**What to do**
Print every entry exactly once more, omitting each picture.
(Material for this exercise begins)
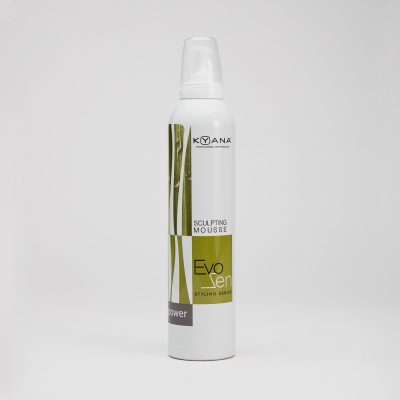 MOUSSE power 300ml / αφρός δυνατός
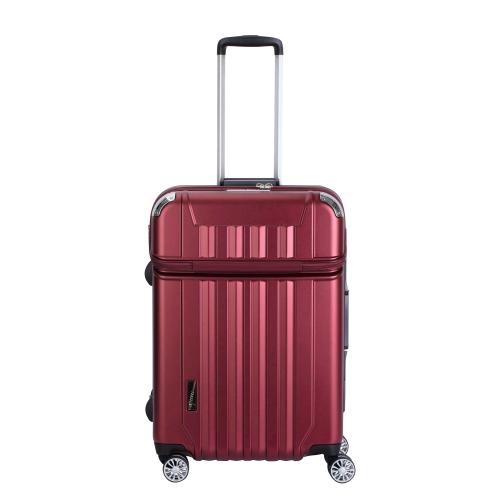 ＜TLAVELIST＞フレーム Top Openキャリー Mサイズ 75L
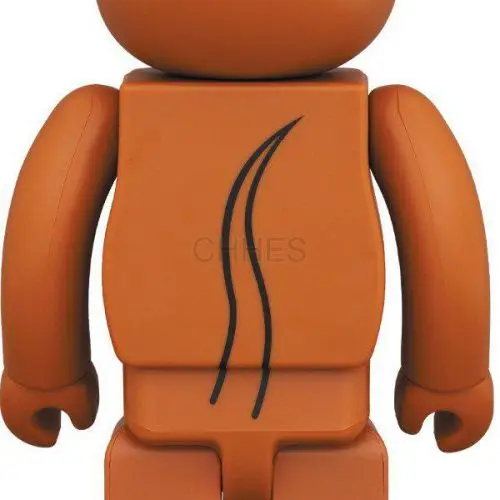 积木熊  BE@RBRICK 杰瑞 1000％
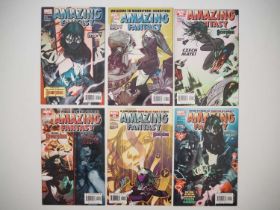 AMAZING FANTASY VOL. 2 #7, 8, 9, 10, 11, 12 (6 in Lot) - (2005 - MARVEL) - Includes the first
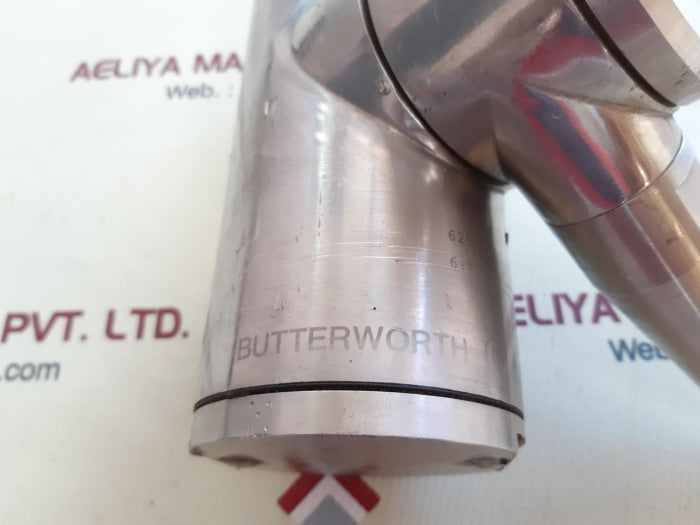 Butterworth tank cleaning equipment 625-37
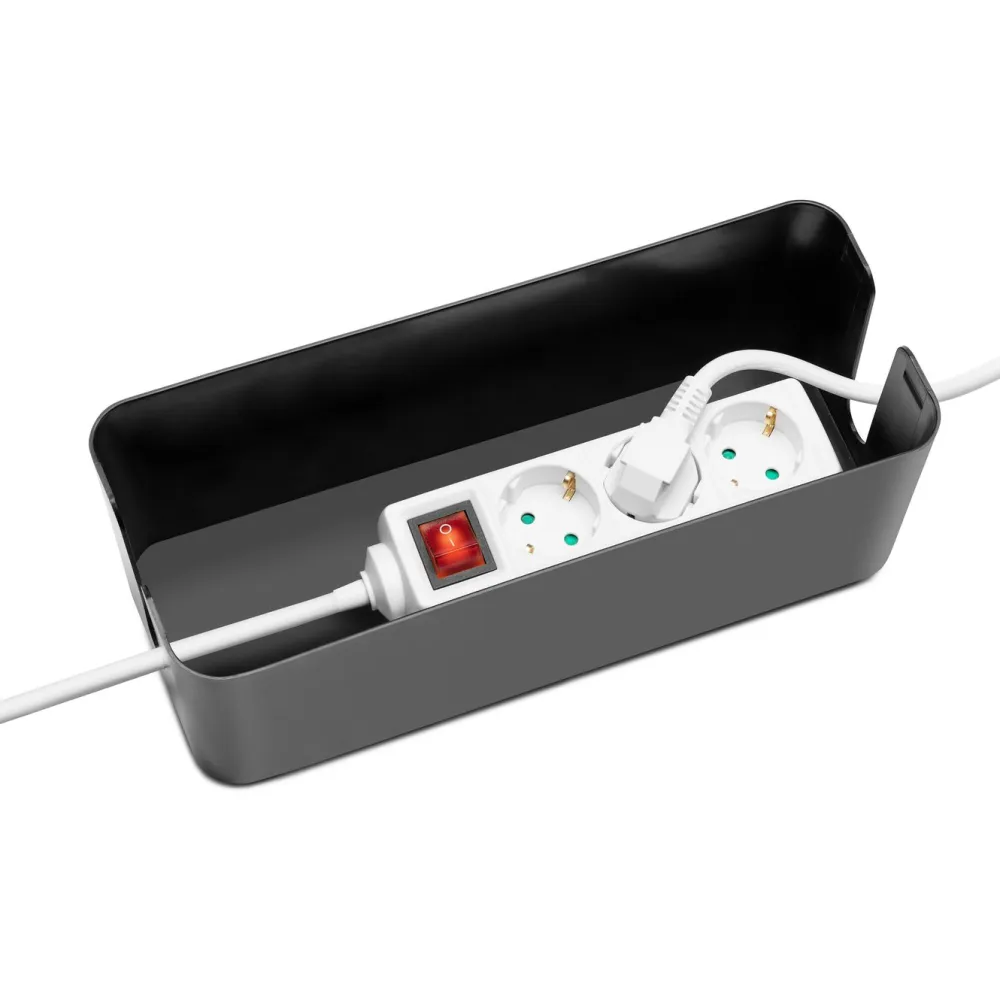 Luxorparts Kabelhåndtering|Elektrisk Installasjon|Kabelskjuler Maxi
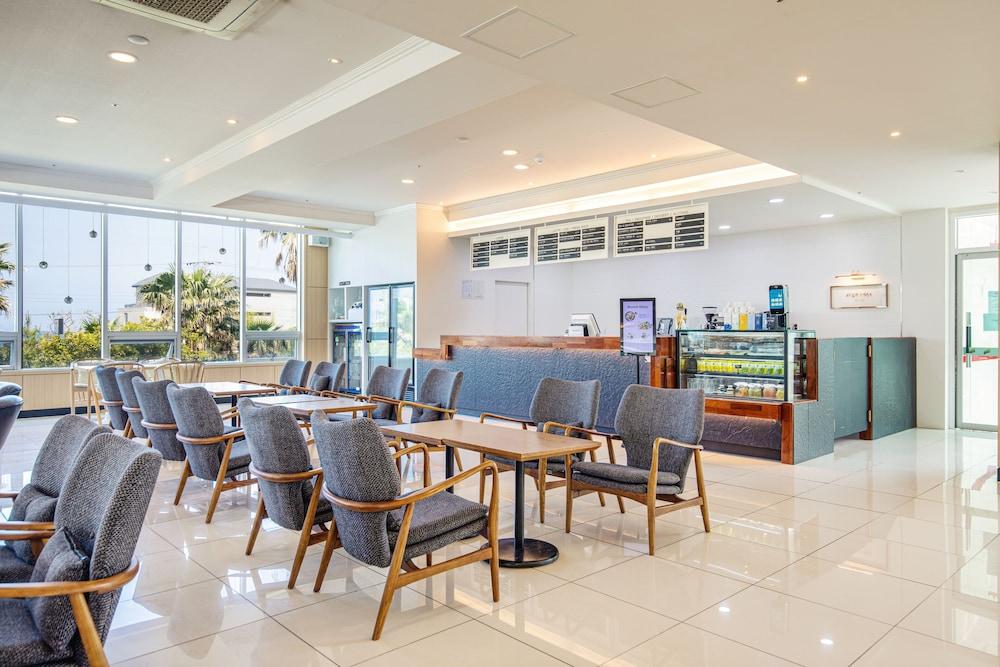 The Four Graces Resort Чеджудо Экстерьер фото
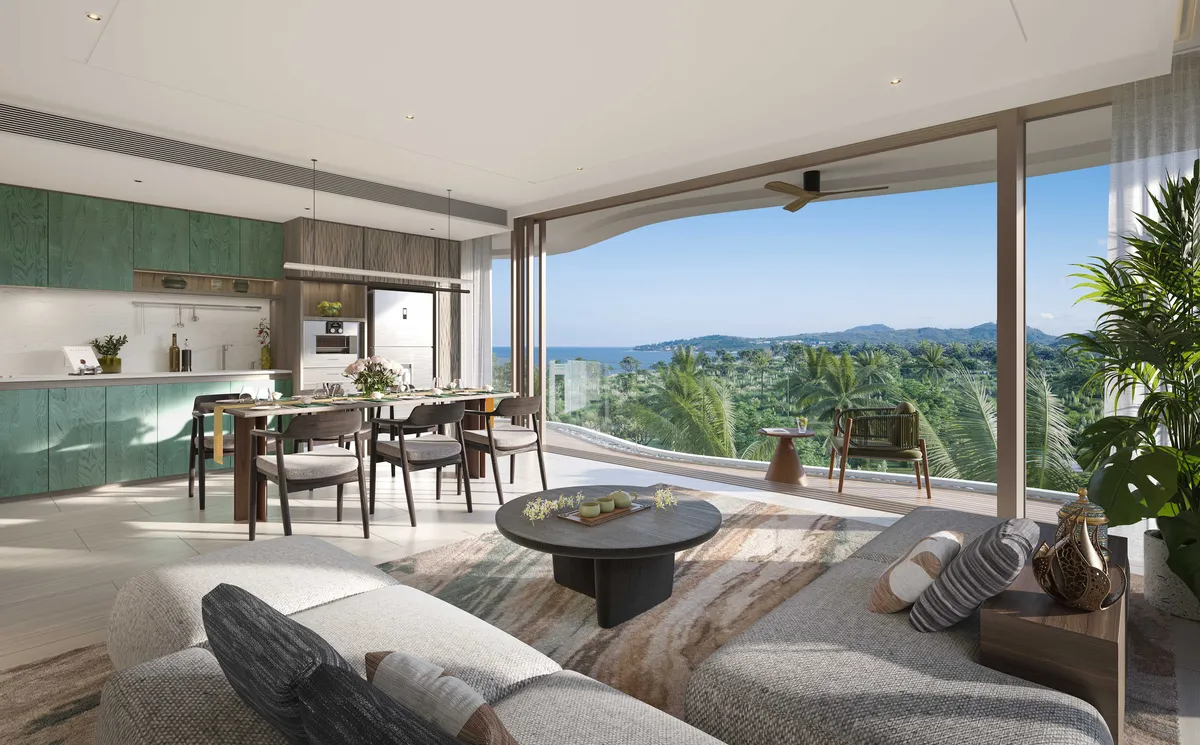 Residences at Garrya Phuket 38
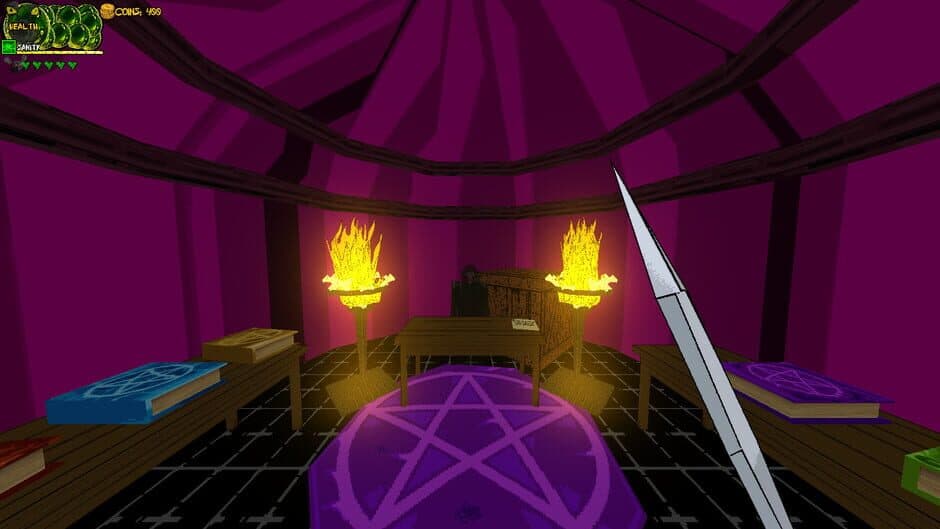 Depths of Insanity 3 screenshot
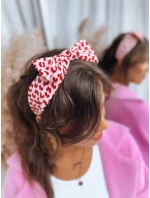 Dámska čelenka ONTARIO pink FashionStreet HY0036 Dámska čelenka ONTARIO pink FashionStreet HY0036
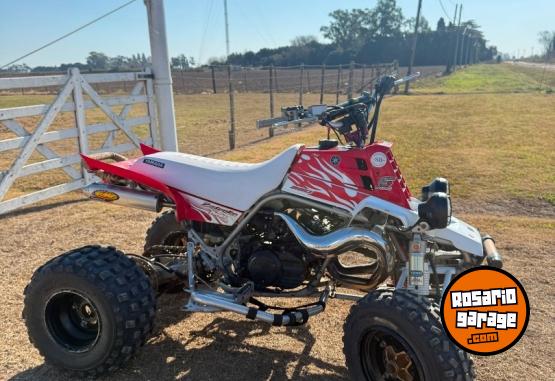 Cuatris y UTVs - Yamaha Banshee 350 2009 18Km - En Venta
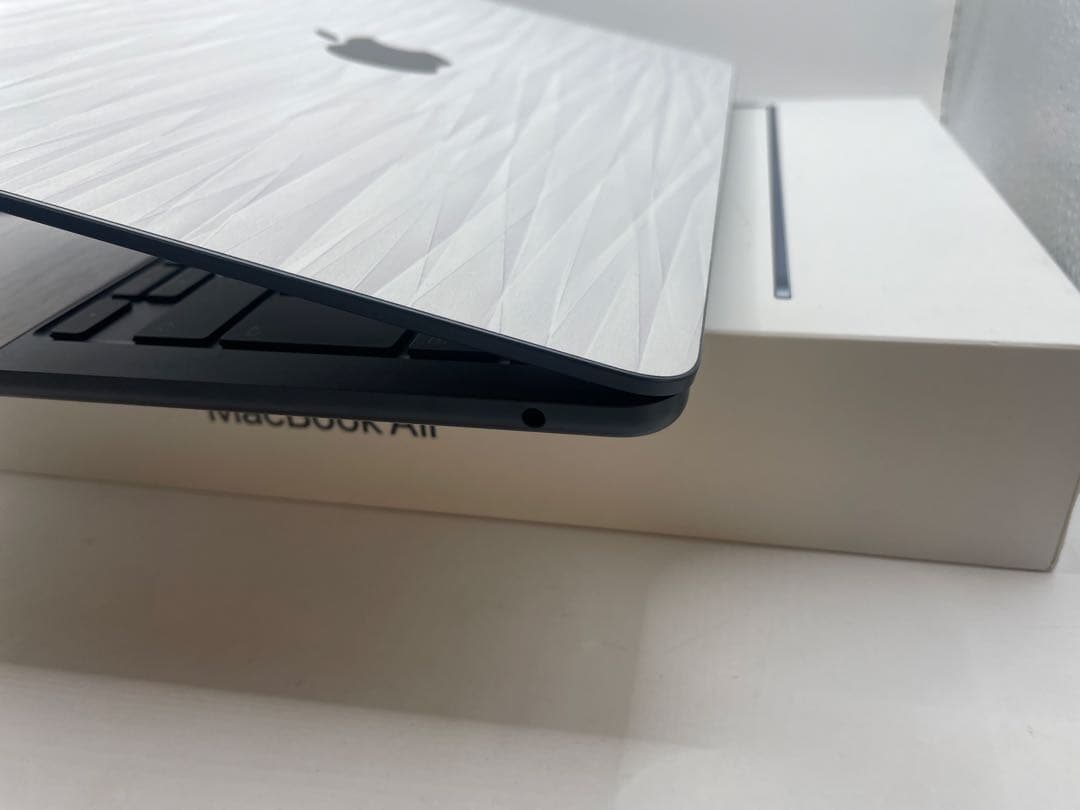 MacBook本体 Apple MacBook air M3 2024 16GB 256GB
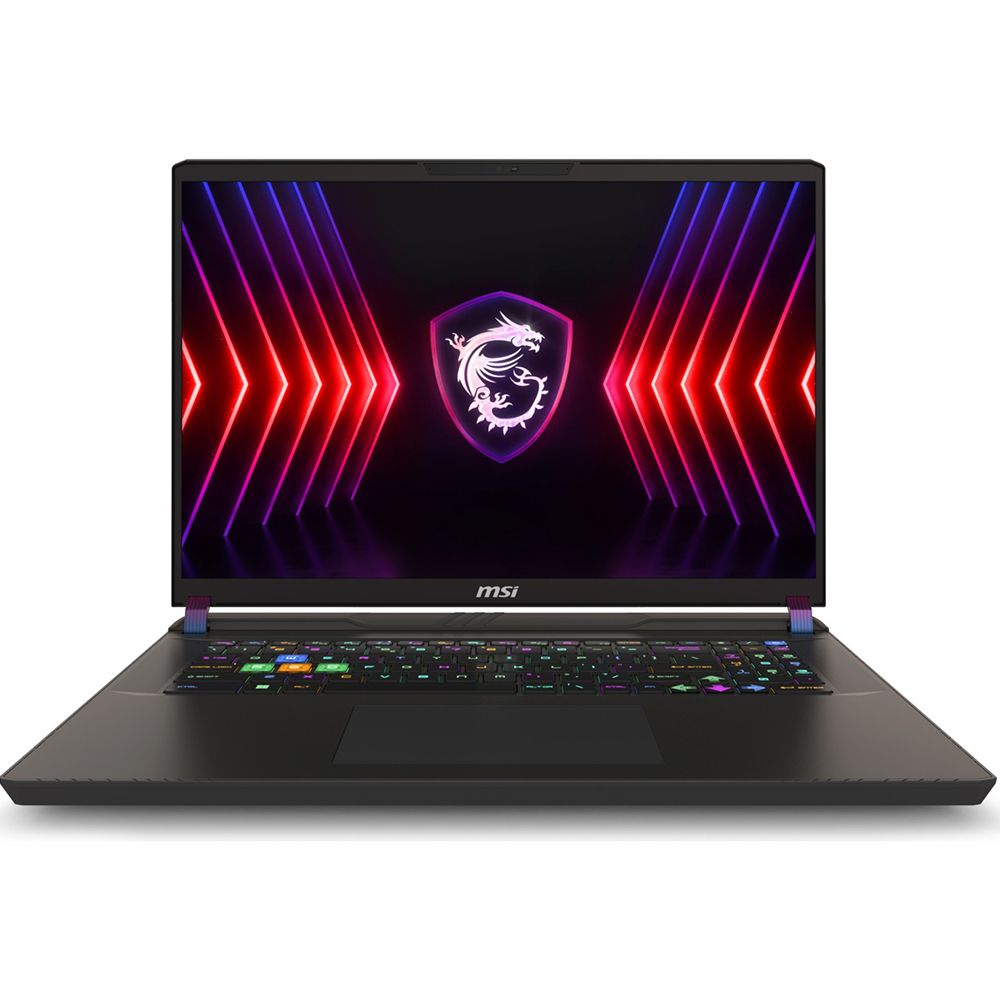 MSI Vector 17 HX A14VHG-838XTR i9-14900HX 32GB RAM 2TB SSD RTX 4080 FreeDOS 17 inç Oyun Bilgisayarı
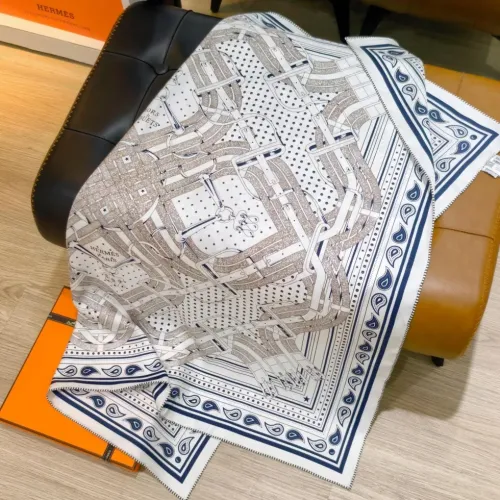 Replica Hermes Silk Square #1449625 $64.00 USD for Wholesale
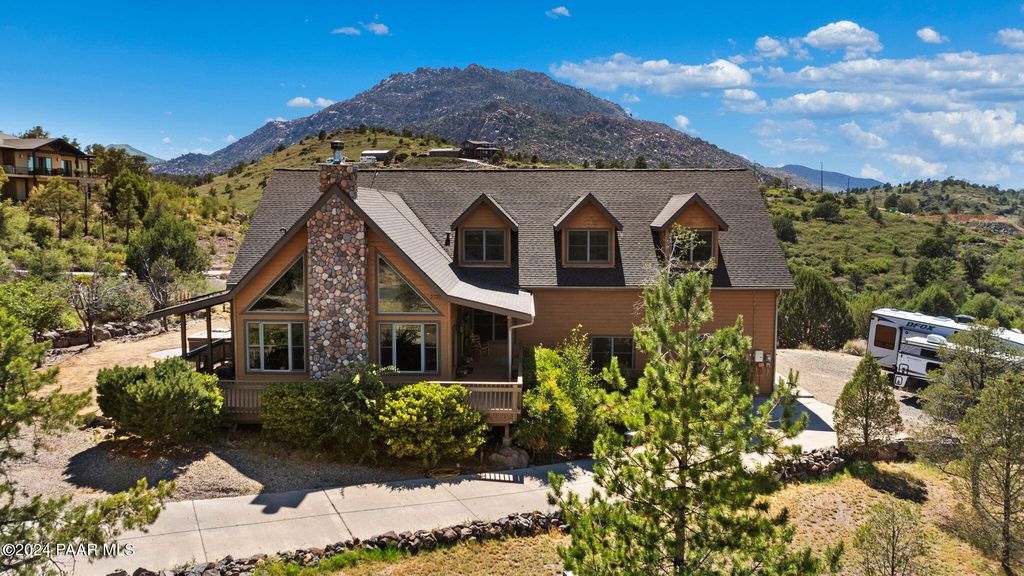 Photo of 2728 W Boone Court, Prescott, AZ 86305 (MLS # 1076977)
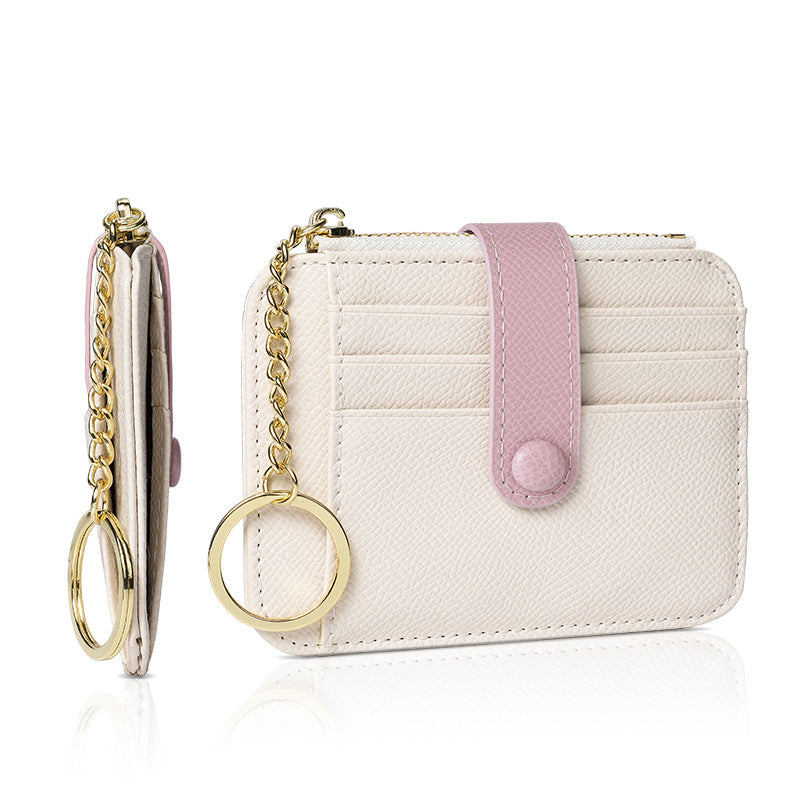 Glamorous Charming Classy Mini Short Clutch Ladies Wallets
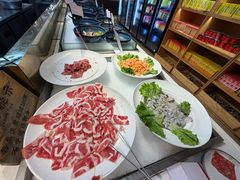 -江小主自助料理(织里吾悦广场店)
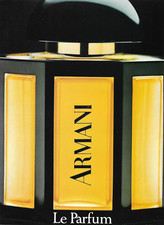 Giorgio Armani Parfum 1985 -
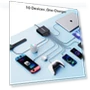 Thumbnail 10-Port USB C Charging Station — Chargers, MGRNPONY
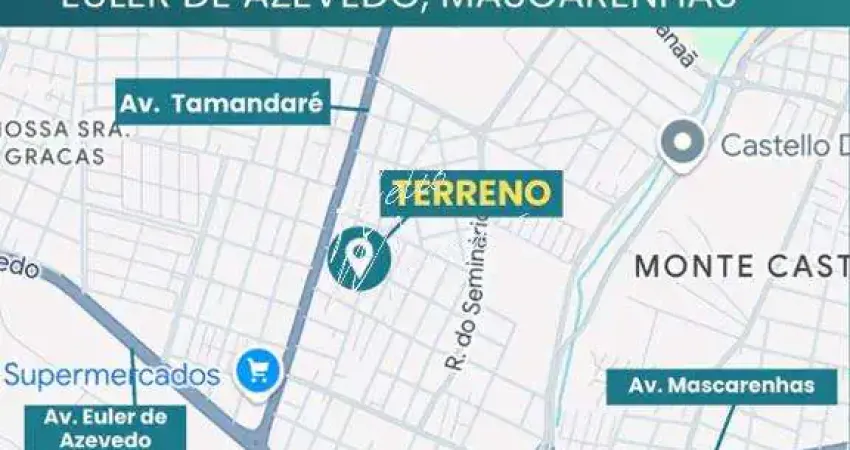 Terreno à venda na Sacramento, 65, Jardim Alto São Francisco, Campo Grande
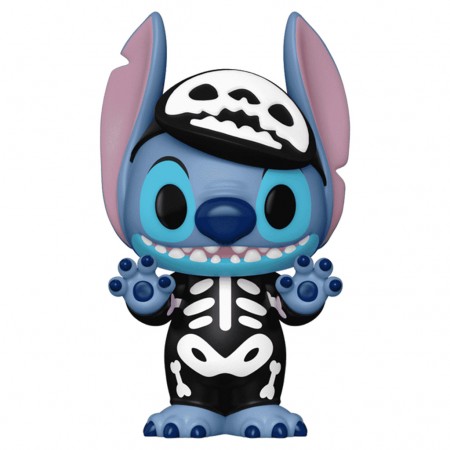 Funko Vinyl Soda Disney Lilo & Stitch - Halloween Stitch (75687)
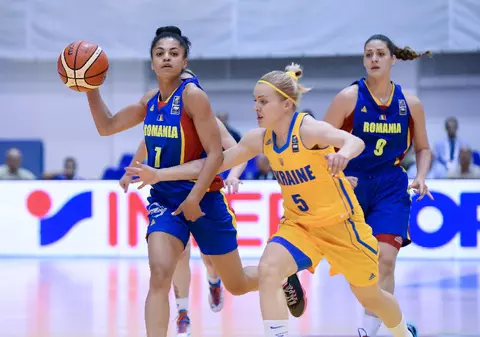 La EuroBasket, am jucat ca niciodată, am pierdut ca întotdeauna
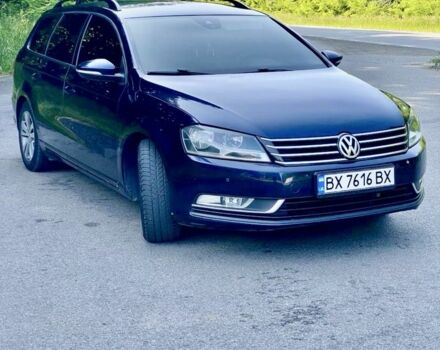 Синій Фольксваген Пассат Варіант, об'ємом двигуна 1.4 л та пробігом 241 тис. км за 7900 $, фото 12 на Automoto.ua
(Material for this exercise ends)
**Solved problem**
 MOUSSE power 300ml / αφρός δυνατός
 ＜TLAVELIST＞フレーム Top Openキャリー Mサイズ 75L
 积木熊  BE@RBRICK 杰瑞 1000％
 AMAZING FANTASY VOL. 2 #7, 8, 9, 10, 11, 12 (6 in Lot) - (2005 - MARVEL) - Includes the first
 Butterworth tank cleaning equipment 625-37
 Luxorparts Kabelhåndtering|Elektrisk Installasjon|Kabelskjuler Maxi
 The Four Graces Resort Чеджудо Экстерьер фото
 Residences at Garrya Phuket 38
 Depths of Insanity 3 screenshot
 Dámska čelenka ONTARIO pink FashionStreet HY0036 Dámska čelenka ONTARIO pink FashionStreet HY0036
 Cuatris y UTVs - Yamaha Banshee 350 2009 18Km - En Venta
 MacBook本体 Apple MacBook air M3 2024 16GB 256GB
 MSI Vector 17 HX A14VHG-838XTR i9-14900HX 32GB RAM 2TB SSD RTX 4080 FreeDOS 17 inç Oyun Bilgisayarı
 Replica Hermes Silk Square #1449625 $64.00 USD for Wholesale
 Photo of 2728 W Boone Court, Prescott, AZ 86305 (MLS # 1076977)
 Glamorous Charming Classy Mini Short Clutch Ladies Wallets
 -江小主自助料理(织里吾悦广场店)
 Giorgio Armani Parfum 1985 -
 Thumbnail 10-Port USB C Charging Station — Chargers, MGRNPONY
 Terreno à venda na Sacramento, 65, Jardim Alto São Francisco, Campo Grande
 Funko Vinyl Soda Disney Lilo & Stitch - Halloween Stitch (75687)
 La EuroBasket, am jucat ca niciodată, am pierdut ca întotdeauna
 Синій Фольксваген Пассат Варіант, об'ємом двигуна 1.4 л та пробігом 241 тис. км за 7900 $, фото 12 на Automoto.ua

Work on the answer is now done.